Crawled caption data:
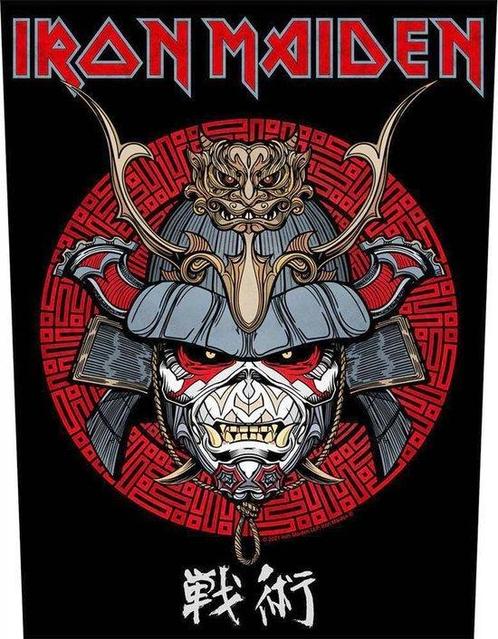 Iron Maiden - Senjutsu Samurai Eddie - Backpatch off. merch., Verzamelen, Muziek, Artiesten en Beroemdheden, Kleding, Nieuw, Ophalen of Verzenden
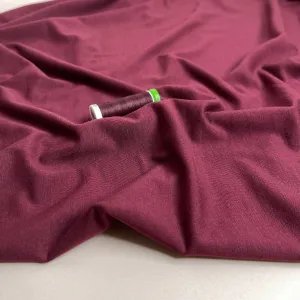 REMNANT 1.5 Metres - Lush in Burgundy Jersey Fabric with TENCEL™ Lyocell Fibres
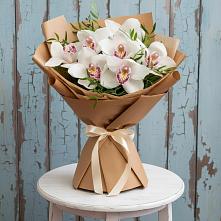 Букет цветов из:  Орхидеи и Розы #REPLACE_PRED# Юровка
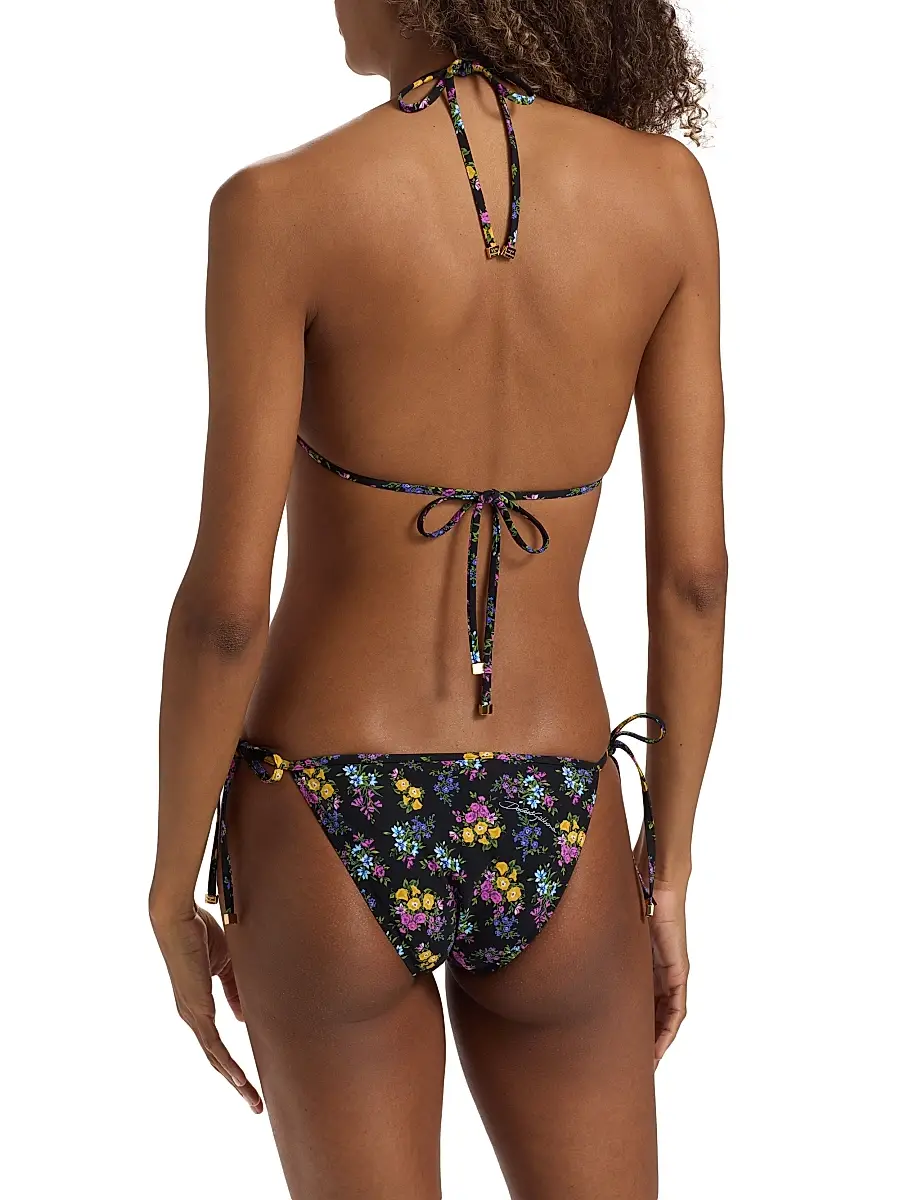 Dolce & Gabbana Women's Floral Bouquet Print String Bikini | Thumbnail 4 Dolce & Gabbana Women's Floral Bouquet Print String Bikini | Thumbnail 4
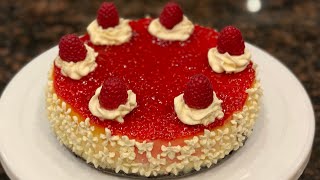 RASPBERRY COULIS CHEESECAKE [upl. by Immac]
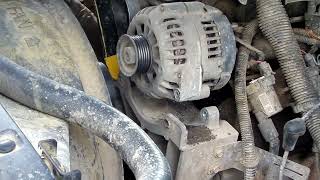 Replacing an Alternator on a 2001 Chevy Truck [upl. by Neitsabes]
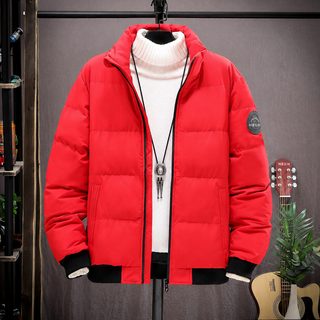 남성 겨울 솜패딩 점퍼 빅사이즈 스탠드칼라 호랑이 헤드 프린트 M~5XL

...

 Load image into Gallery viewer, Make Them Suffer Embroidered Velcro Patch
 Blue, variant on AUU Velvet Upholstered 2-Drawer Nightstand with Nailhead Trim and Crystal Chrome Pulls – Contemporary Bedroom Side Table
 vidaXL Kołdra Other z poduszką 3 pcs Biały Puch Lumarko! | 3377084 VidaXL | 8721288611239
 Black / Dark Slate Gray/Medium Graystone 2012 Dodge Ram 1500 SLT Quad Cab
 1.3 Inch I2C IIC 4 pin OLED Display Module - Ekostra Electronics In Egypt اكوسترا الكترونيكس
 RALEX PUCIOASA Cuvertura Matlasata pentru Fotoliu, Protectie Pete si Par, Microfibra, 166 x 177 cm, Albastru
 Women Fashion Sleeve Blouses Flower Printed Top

* Exercise instructions *
Write out the lines above from the one with "Thumbnail 4 Dolce" through the one with "남성 겨울 솜패딩 점퍼 빅사이즈 스탠드칼라 호랑이 헤드 프린트 M~5XL", ends included, exactly; no picture goes in.

* Result of the exercise *
 Dolce & Gabbana Women's Floral Bouquet Print String Bikini | Thumbnail 4 Dolce & Gabbana Women's Floral Bouquet Print String Bikini | Thumbnail 4
 RASPBERRY COULIS CHEESECAKE [upl. by Immac]
 Replacing an Alternator on a 2001 Chevy Truck [upl. by Neitsabes]
 남성 겨울 솜패딩 점퍼 빅사이즈 스탠드칼라 호랑이 헤드 프린트 M~5XL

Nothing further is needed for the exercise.